* What the task asks
Would you please retype, exactly, the lines of the listing below between the line with "Intermezzo 4. Paesaggio" and the line with "Collier de nom", inclusive?
[Start of section]
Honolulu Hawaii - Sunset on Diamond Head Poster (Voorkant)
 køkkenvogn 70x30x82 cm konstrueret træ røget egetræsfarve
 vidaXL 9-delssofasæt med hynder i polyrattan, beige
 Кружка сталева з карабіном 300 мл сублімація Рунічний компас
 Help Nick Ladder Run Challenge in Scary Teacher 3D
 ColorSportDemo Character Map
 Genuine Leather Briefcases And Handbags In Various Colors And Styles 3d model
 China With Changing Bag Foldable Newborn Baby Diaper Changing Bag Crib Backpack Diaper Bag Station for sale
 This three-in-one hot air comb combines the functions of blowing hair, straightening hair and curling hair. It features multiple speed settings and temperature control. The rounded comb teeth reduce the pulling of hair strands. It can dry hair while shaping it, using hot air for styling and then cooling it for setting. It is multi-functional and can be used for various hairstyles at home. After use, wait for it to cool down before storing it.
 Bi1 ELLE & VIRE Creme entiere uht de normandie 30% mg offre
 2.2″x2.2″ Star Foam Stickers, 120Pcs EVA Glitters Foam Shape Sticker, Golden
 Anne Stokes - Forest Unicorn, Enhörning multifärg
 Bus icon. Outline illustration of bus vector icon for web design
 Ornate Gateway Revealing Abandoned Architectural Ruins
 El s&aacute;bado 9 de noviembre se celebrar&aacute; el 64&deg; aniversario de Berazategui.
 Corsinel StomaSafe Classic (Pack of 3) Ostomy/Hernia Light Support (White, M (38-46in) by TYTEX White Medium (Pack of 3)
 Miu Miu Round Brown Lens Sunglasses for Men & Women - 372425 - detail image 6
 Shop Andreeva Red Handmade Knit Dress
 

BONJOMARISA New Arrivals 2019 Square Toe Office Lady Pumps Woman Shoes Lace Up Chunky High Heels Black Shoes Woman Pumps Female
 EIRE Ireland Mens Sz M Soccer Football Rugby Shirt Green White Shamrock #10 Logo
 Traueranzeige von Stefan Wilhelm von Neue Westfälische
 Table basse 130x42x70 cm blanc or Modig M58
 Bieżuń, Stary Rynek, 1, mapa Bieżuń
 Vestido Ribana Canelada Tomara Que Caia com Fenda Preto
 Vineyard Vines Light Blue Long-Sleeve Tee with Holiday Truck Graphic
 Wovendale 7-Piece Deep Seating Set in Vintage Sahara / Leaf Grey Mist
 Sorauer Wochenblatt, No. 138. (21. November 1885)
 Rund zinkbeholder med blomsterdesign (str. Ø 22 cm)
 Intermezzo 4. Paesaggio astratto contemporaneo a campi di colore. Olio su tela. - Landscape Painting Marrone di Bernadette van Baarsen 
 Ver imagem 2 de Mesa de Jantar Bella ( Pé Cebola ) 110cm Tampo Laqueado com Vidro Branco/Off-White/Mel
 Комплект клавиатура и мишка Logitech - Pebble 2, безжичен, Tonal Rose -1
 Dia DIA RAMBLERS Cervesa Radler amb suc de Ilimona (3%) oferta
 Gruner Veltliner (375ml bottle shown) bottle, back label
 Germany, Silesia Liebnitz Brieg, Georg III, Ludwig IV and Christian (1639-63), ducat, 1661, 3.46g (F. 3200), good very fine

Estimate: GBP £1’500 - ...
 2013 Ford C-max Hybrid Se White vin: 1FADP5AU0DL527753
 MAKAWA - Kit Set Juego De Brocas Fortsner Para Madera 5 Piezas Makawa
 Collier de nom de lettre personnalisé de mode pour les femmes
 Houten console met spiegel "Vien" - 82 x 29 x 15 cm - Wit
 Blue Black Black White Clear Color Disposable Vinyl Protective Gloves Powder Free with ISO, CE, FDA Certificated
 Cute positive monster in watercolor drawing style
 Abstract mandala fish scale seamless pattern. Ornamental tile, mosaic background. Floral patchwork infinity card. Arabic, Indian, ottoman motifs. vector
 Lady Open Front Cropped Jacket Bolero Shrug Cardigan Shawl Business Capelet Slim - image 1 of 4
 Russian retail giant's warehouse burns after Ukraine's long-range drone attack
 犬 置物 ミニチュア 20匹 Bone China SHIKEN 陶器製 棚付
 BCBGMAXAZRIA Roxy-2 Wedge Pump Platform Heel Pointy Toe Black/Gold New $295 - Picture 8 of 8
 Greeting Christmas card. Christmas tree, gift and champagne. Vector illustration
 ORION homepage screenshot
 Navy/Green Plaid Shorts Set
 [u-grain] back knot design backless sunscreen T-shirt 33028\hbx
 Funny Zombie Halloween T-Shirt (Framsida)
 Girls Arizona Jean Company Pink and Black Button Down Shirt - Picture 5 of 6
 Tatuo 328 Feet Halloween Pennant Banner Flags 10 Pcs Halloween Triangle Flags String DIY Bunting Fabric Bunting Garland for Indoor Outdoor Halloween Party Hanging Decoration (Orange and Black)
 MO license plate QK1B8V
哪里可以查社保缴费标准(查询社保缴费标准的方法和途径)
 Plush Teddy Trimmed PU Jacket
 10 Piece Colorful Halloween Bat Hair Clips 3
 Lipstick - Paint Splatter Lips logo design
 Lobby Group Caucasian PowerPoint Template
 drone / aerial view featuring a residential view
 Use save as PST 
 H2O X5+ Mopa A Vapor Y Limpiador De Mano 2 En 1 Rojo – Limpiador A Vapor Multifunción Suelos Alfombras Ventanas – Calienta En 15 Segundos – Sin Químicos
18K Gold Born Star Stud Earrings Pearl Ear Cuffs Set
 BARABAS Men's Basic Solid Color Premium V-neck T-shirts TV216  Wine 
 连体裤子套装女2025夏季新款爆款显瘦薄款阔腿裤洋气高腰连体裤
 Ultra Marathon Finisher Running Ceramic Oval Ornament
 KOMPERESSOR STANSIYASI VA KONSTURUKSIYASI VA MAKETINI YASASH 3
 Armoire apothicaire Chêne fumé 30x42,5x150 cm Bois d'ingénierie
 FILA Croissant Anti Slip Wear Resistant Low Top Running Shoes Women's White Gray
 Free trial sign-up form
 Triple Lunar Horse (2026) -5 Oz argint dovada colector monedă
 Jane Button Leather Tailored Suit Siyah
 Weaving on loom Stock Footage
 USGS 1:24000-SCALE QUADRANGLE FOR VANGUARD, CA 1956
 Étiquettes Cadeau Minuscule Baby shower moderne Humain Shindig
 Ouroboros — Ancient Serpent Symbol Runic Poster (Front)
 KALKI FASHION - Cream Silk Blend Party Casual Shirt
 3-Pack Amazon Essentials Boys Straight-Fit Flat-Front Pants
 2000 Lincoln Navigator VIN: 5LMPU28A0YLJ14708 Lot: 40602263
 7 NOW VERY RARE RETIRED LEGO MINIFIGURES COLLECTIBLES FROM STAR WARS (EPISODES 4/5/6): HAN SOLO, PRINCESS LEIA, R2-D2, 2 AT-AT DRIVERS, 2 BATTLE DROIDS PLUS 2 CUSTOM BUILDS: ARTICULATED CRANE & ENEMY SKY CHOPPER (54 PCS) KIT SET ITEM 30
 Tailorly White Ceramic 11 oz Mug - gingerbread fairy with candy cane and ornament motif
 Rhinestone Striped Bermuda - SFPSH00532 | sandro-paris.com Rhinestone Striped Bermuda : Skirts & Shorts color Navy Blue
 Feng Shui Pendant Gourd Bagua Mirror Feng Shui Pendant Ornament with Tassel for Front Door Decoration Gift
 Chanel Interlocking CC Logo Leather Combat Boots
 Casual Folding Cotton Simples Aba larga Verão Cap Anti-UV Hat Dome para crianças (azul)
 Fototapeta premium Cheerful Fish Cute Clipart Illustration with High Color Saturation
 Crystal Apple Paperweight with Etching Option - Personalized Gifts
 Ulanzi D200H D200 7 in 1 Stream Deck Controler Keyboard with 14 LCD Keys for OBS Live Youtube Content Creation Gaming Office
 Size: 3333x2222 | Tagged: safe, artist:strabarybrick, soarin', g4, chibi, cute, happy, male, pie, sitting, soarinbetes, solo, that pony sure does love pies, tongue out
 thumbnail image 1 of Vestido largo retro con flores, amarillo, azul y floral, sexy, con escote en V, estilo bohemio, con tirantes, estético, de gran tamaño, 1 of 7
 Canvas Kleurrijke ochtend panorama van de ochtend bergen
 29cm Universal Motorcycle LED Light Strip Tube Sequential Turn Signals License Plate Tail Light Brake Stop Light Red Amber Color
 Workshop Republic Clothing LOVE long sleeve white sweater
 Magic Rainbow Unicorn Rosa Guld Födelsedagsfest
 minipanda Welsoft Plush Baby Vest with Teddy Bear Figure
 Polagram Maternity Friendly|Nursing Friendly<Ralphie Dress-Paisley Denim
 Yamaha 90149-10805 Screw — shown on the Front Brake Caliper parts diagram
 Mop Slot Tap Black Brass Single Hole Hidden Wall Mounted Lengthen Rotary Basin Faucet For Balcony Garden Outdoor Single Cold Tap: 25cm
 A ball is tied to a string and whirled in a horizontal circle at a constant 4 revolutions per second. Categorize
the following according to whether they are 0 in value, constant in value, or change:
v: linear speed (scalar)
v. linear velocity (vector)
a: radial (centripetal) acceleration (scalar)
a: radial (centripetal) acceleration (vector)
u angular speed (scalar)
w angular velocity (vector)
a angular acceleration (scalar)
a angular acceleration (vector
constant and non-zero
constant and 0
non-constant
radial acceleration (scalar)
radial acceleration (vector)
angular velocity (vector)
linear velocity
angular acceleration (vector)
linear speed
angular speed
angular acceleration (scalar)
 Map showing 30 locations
[End of section]
* Solution to this problem
 Intermezzo 4. Paesaggio astratto contemporaneo a campi di colore. Olio su tela. - Landscape Painting Marrone di Bernadette van Baarsen 
 Ver imagem 2 de Mesa de Jantar Bella ( Pé Cebola ) 110cm Tampo Laqueado com Vidro Branco/Off-White/Mel
 Комплект клавиатура и мишка Logitech - Pebble 2, безжичен, Tonal Rose -1
 Dia DIA RAMBLERS Cervesa Radler amb suc de Ilimona (3%) oferta
 Gruner Veltliner (375ml bottle shown) bottle, back label
 Germany, Silesia Liebnitz Brieg, Georg III, Ludwig IV and Christian (1639-63), ducat, 1661, 3.46g (F. 3200), good very fine

Estimate: GBP £1’500 - ...
 2013 Ford C-max Hybrid Se White vin: 1FADP5AU0DL527753
 MAKAWA - Kit Set Juego De Brocas Fortsner Para Madera 5 Piezas Makawa
 Collier de nom de lettre personnalisé de mode pour les femmes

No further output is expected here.